Just for the clarification, the image has כ instead of ב, and ס instead of ם. 
Yeah, I didn't quite understand the relationship to the thread's title?


----------



## pksooner

A footnote in the source I was reading (Max Weber's _Protestant Ethic_) referenced chôq (חק ...at least I believe that is the correct transcription) as being derived from the same terminology as dvar yom. Since I had no idea what the transliteration of the phrase was that I was looking for, I used that as the subject line. Sorry for the confusion but thank you for all the help.


----------



## origumi

In the context of Exodus 5:13-14 the two terms דבר יום ביומו and חוק appear as parallels or at least similar. Both refer to the daily labor duties of the Hebrew slave to his Egyptian master.

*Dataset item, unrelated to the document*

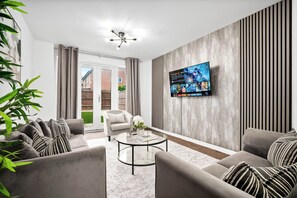 Ein modernes Wohnzimmer mit einer Sofagarnitur, einem Couchtisch und einem an der Wand montierten Flachbildfernseher.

דבר יום ביומו is "what you do every day" or "what you are told to do every day", in Targum Yonatan פִּתְגָם יוֹם בְּיוֹמֵיהּ (Aramaic פתגם is like דבר as in דיבור, no as "something").
חקכם is "your assignment" or "your duty (as decreed by the master)", in Targum Yonatan גְזֵירַתְכוֹן.

 
הַנֹּגְשִׂים אָצִים לֵאמֹר כַּלּוּ מַעֲשֵׂיכֶם *דְּבַר יוֹם* בְּיוֹמוֹ כַּאֲשֶׁר בִּהְיוֹת הַתֶּבֶן.
וַיֻּכּוּ שֹׁטְרֵי בְּנֵי יִשְׂרָאֵל אֲשֶׁר שָׂמוּ עֲלֵהֶם נֹגְשֵׂי  פַרְעֹה לֵאמֹר מַדּוּעַ לֹא כִלִּיתֶם *חָקְכֶם* לִלְבֹּן כִּתְמוֹל  שִׁלְשֹׁם גַּם תְּמוֹל גַּם הַיּוֹם.


----------